Pour redynamiser leur village, ils deviennent épiciers deux heures par mois
Face à la désertification des commerces dans les villages et à l’appauvrissement du lien social, des habitants d’Andilly-en-Bassigny ont décidé de prendre les choses en mains. Ils ont ouvert, il y a quatre mois, une épicerie participative. La première dans le département.
Salle des fêtes d’Andilly-en-Bassigny, un samedi matin de septembre. Sous le préau, des habitants discutent autour d’un café bien chaud. A côté d’eux, un étal de produits locaux – farine, pâtes ou encore miel – invite à s’approcher. Depuis quatre mois, l’association « Epi tout ça » a lancé son épicerie participative.

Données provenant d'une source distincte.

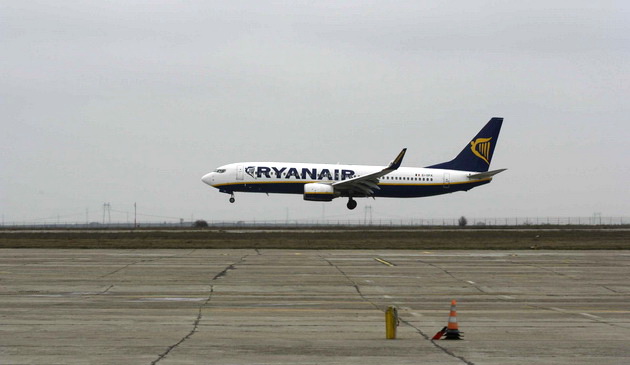 Aeroportul International Kogalniceanu - avion Ryanair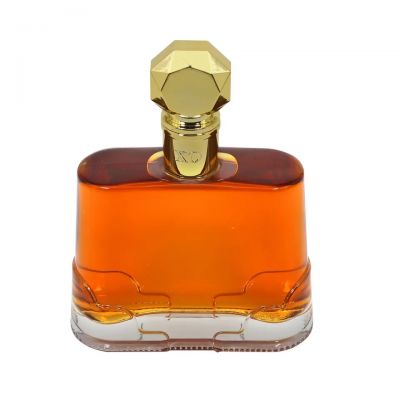 700 ml liquor empty brandy vodka glass bottle with cork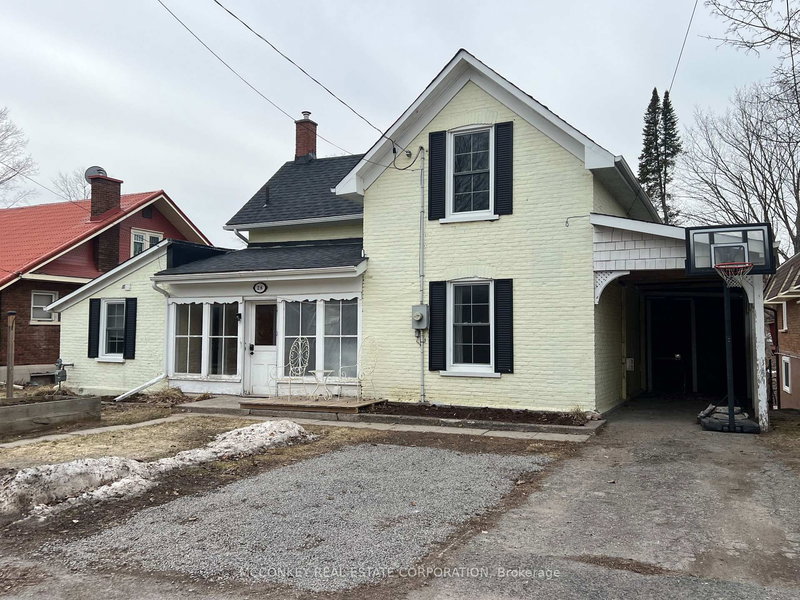 home for sale on 28 QUEEN Street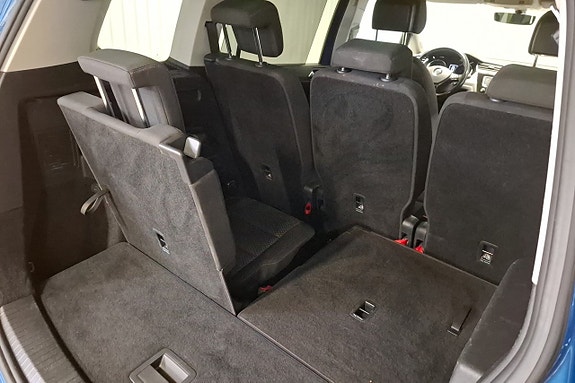 Volkswagen Touran 20 of 23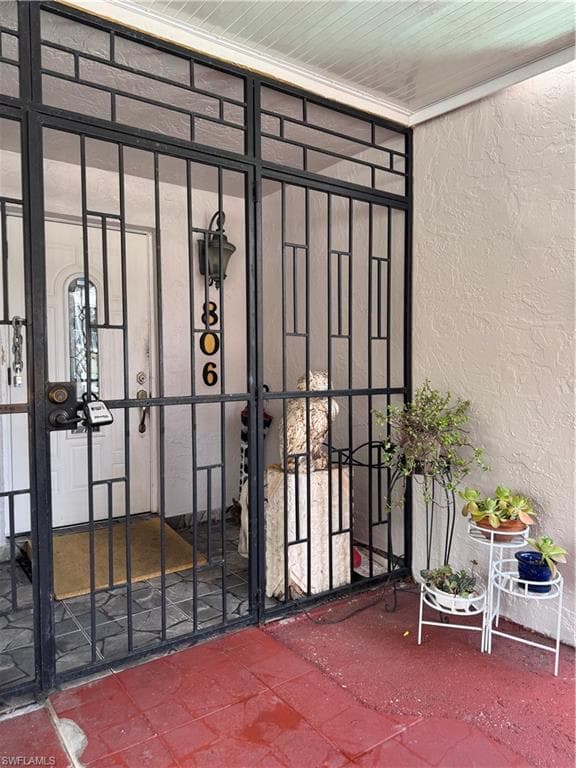806 W 80 PL HIALEAH, FL 33014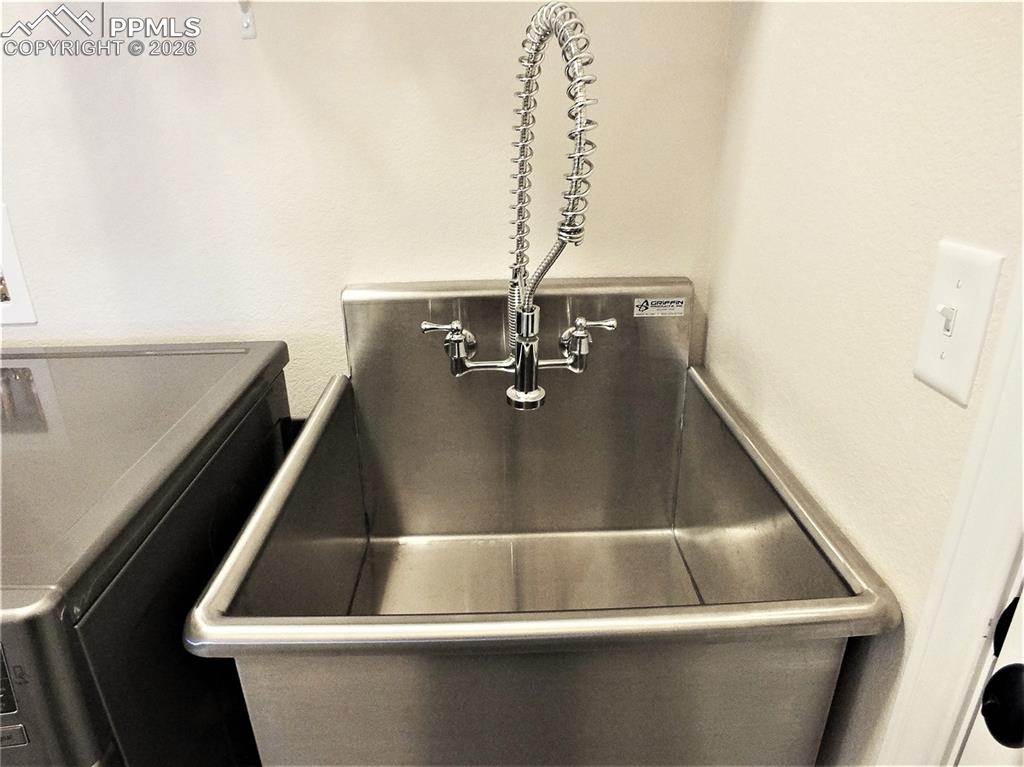 Image 44 of 46: Stainless Steel Sink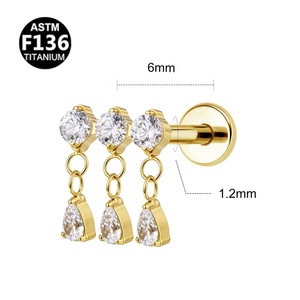 Pendientes de Cartílago Personalizados al por Mayor de Titanio G23 con Rosca Interna, 3 Circonitas Redondas y Circonita con Corte Triple en Forma de Pera - Product Image 4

La toute première en Haute-Marne.
L’idée était dans la tête d’Emmanuelle Gey et son conjoint depuis un moment. La campagne d’accompagnement à la création d’épiceries sous forme associative lancée par le mouvement national Bouge ton Coq, en février dernier, a servi de déclic. Leur candidature a été acceptée. Après quelques réunions et une formation à l’outil logistique, l’association a reçu une aide à l’installation de 1 100 €, dont elle devra justifier de l’usage.
La promesse du concept ? Recréer du lien social dans les petites communes dépourvues de commerces de proximité. En pratique, il s’agit également d’apporter un service aux habitants, en proposant des produits pour la grande majorité en circuits courts.
Déjà une vingtaine de familles adhérentes au village
A Andilly-en-Bassigny, c’est le sens de la démarche. « L’épicerie, c’est un support important pour développer du lien social. C’est un prétexte. Il y a aussi dans notre initiative un côté participatif. Les gens doivent être acteurs, sinon cela n’a pas de sens », indique Emmanuelle Gey, trésorière de l’association.
Moyennant une adhésion de 10 € annuelle par famille, l’adhérent obtient l’accès à la plate-forme monepi.fr pour commander ses produits, ensuite mis à disposition à la salle des fêtes du village. Surtout, il s’engage à donner deux heures de son temps à l’association chaque mois. « Cela peut être de la recherche de producteurs pour alimenter notre offre, la participation à de petits travaux en faveur de l’association ou encore la tenue de l’épicerie le samedi. On ne gère pas d’argent, ni de stocks, ce qui allège le travail », détaille Emmanuelle Gey. A ce jour, l’épicerie d’Andilly compte une vingtaine de familles adhérentes, dans une commune de 110 habitants.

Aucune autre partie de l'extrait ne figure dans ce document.